Mr. Cunningham: I thank my right hon. Friend for that answer. However, has he read recent reports in the Coventry Evening Telegraph that the Walsgrave university hospital trust has had difficulties in recruiting doctors and trainee doctors? Will he look into the matter and report back to the House on the outcome?
Mr. Hutton: I shall certainly look into the matter on behalf of my hon. Friend. I am sure that he will welcome the fact that the Coventry and Walsgrave trust was very recently able to announce the go-ahead for the new medical school to be built on the site of the Coventry and Walsgrave hospital. I hope that, like me, he will regard that as a very positive investment in the future, to ensure that the NHS has the doctors and surgeons that it needs for the new century.

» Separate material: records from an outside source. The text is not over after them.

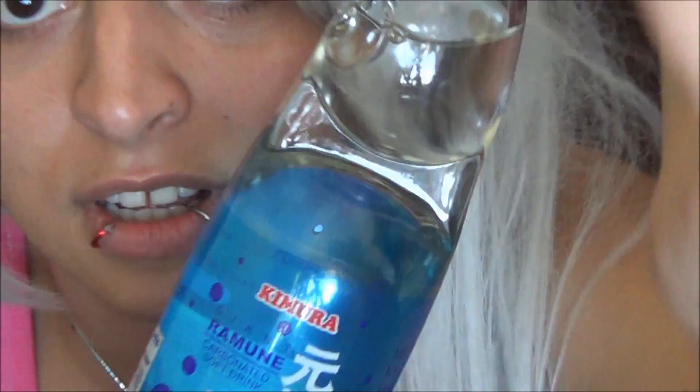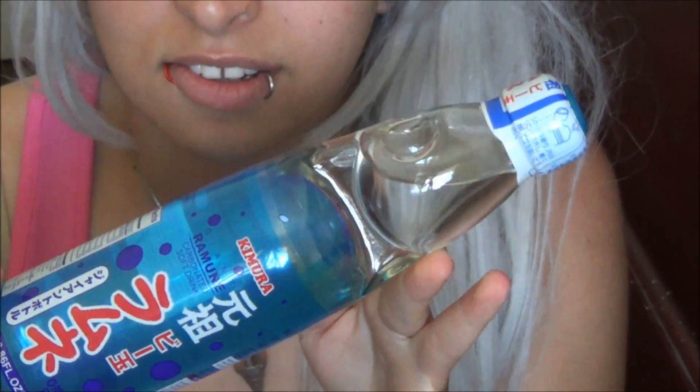So let's get this open. These cost like two dollars — two dollars for this, not bad. The regular ones are like a dollar something. I guess this is if you're really, really thirsty.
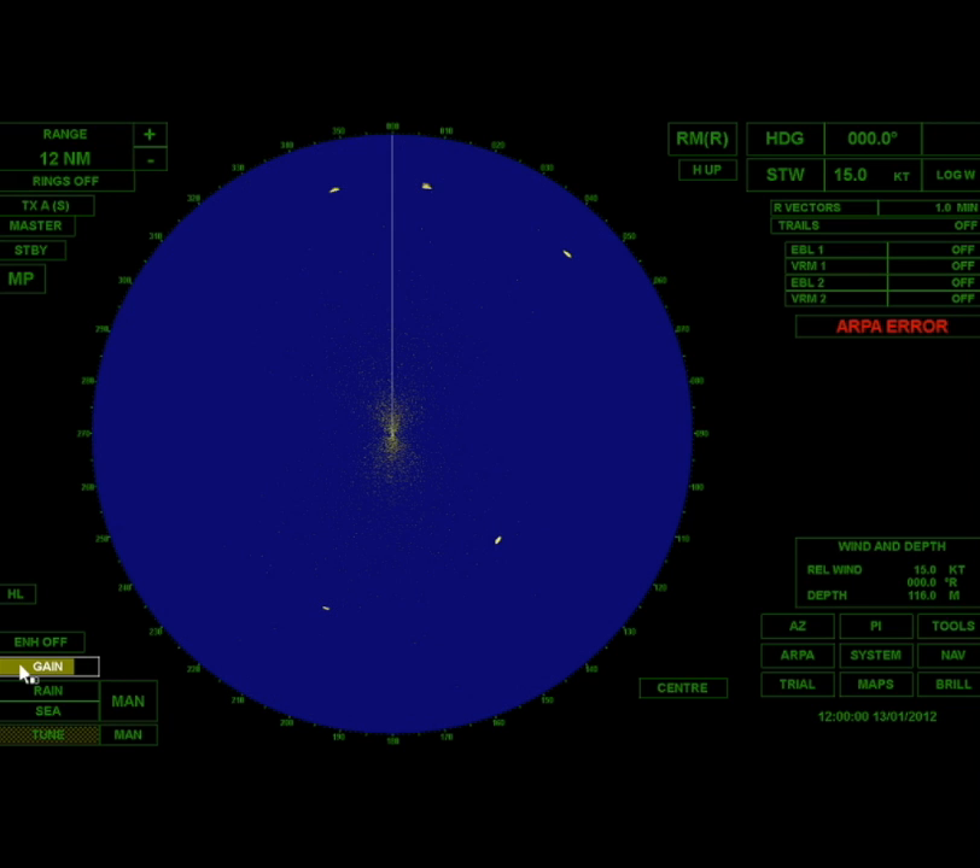So I'm going to back it off just a little bit and set it about there. Now I want to get rid of some of this yellow in the middle, so I'm going to turn on my sea clutter, and that's going to selectively suppress returns near the boat. So I'm going to suppress there a little bit, and then I'm just going to put a touch of rain on. Right there, I feel like I've got a very good tuned screen.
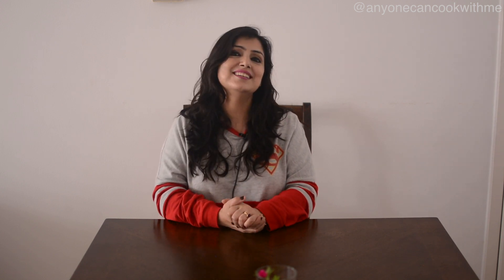If you make this strawberry ice cream, share your pictures on Facebook, Instagram, and Twitter. If you like this recipe, please share it with your friends and family. Please don't forget to subscribe to my channel — it's free. Thank you for watching. See you next time!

Dr. Evan Harris (Oxford, West and Abingdon): As the previous question indicated, it is no good just recruiting doctors if we cannot retain them. In addition to the demoralisation that is caused by the naming and shaming of doctors as a result of star ratings that are based on no meaningful outcomes, will the Minister look into the issue of female junior doctors who, because of the new pay deal, when seeking to train flexibly, are paid less than those who are in full-time work? Will he also look into the issue of black and Asian doctors who are still not allowed to become consultants although they have the skills to do so? The majority of them are to be found languishing in non-regular trust-grade posts, the terms and conditions of which are often poorer than those for the mainly white junior doctors whose posts they are mirroring.
Mr. Hutton: I agree strongly with the hon. Gentleman that we need to improve the recruitment and retention of doctors, which is what we are doing. We recently announced measures that will add appreciably to our endeavours, such as the new flexible career scheme for hospital doctors, and we have a similar package in place for general practice. Golden hellos are being introduced for people entering general practice. We are making good progress in all those areas.
The hon. Gentleman raised a number of very fair points. He will be aware of some of the measures that we have proposed that will help move those issues forward. I simply ask him to reflect on this fact. We are committed to the growth of the national health service and to recruiting more doctors, and we have the resources in
place to do so properly and effectively. The choice, as always in these matters, is between a Labour Government committed to the growth of the NHS and a Tory Government that would cut the national health service.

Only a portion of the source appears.